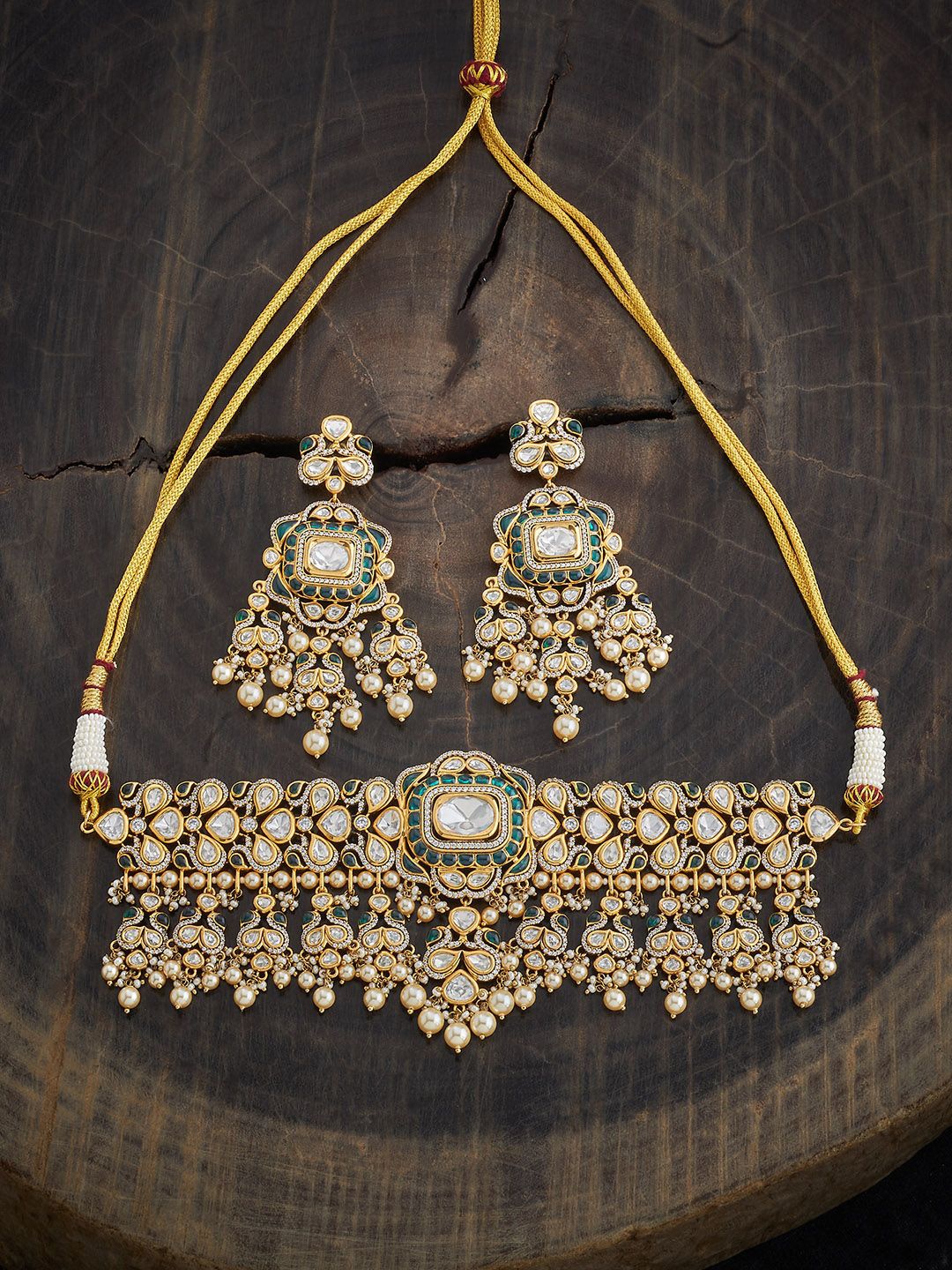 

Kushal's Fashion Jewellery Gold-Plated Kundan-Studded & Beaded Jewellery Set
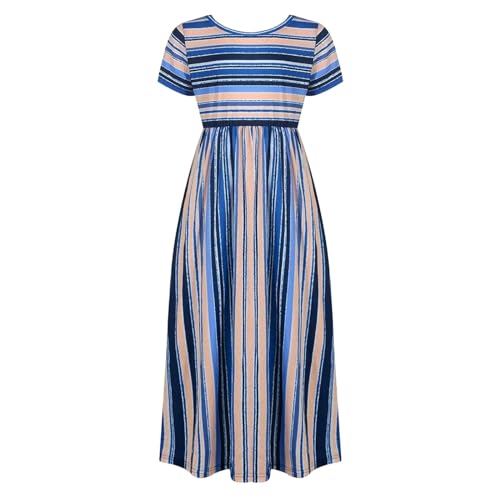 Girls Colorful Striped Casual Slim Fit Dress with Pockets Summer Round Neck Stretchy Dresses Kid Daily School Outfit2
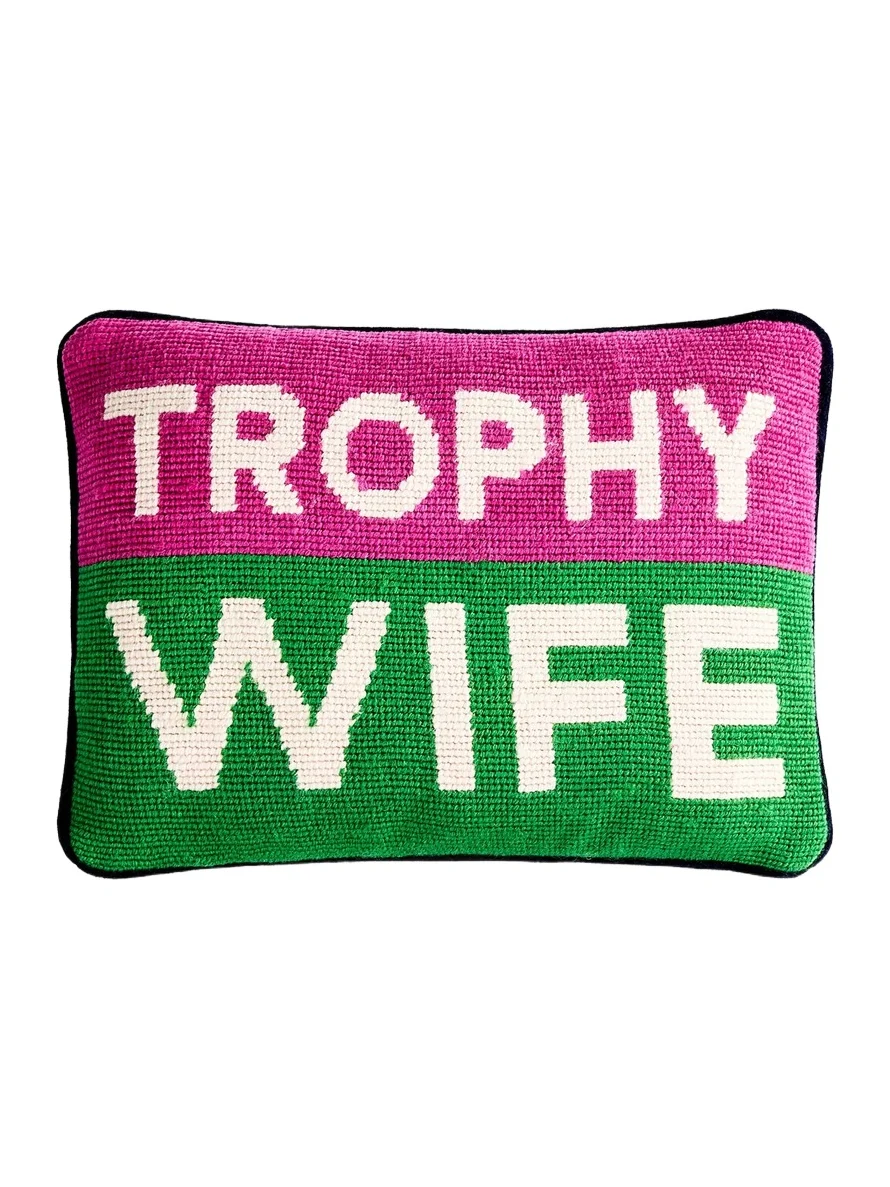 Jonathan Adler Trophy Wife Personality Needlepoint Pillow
|---|
▸ TASK STATEMENT:
Pictures stay out; print everything else in the data exactly.

▸ ANSWER SECTION:
Kushal's Fashion Jewellery Gold-Plated Kundan-Studded & Beaded Jewellery Set
 Girls Colorful Striped Casual Slim Fit Dress with Pockets Summer Round Neck Stretchy Dresses Kid Daily School Outfit2
 Jonathan Adler Trophy Wife Personality Needlepoint Pillow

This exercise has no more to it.